──────── INFORMATION GIVEN

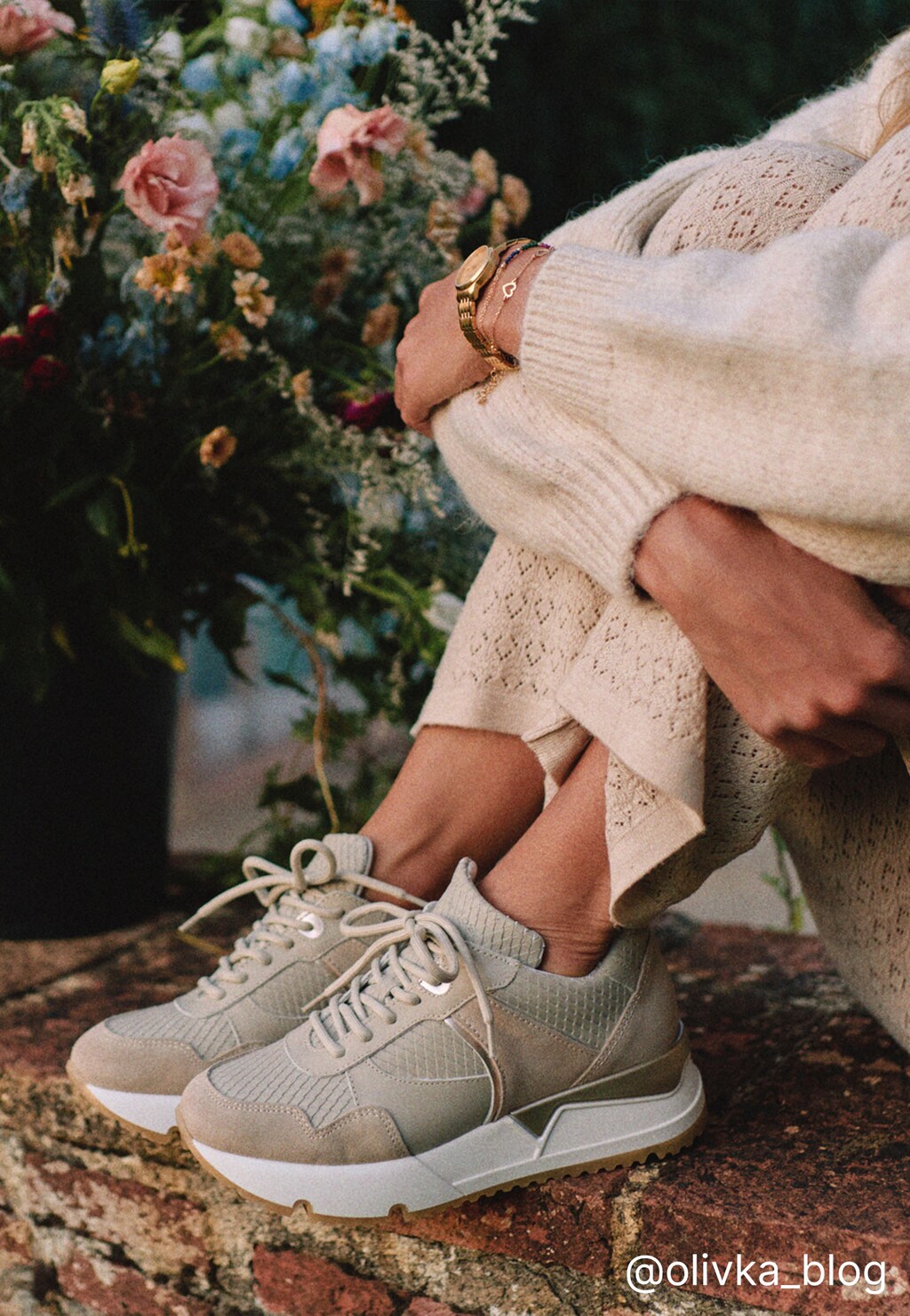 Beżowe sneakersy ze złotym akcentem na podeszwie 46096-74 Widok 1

────────────────
──────── INFORMATION GIVEN

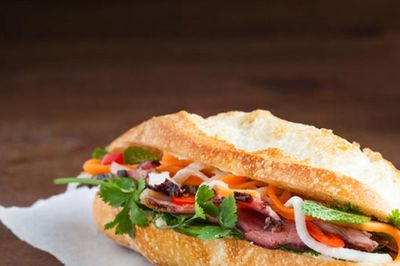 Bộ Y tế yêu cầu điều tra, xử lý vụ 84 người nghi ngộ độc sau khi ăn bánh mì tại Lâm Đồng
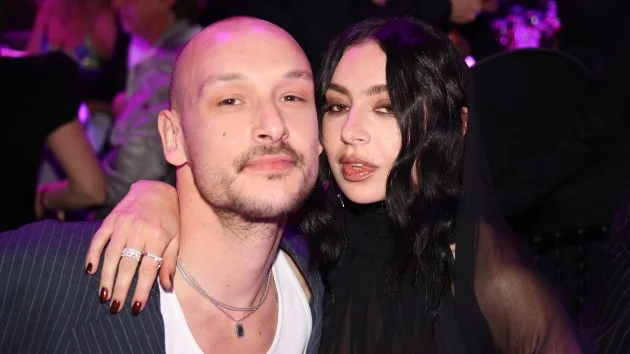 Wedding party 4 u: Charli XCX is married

────────────────
──────── INFORMATION GIVEN

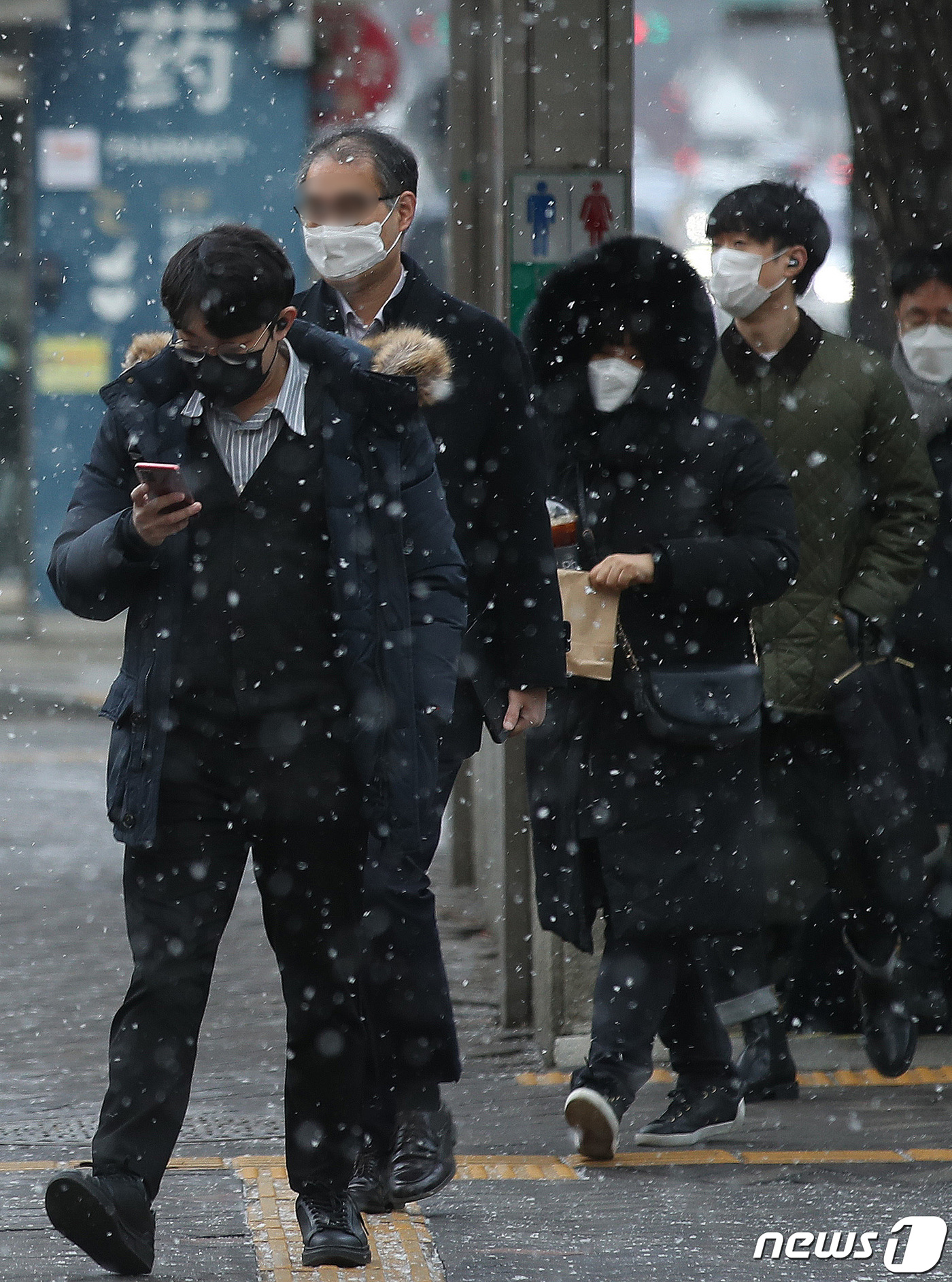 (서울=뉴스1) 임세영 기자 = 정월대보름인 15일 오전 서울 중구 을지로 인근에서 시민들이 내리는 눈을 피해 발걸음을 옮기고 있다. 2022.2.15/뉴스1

────────────────

### YOUR TASK
Though the entries above contain pictures, none should be copied; reproduce only the lines between the one holding "Bộ Y tế yêu" and the one holding "Wedding party 4 u: Charli XCX is married", inclusive, exactly as written.

### TASK SOLUTION
 Bộ Y tế yêu cầu điều tra, xử lý vụ 84 người nghi ngộ độc sau khi ăn bánh mì tại Lâm Đồng
 Wedding party 4 u: Charli XCX is married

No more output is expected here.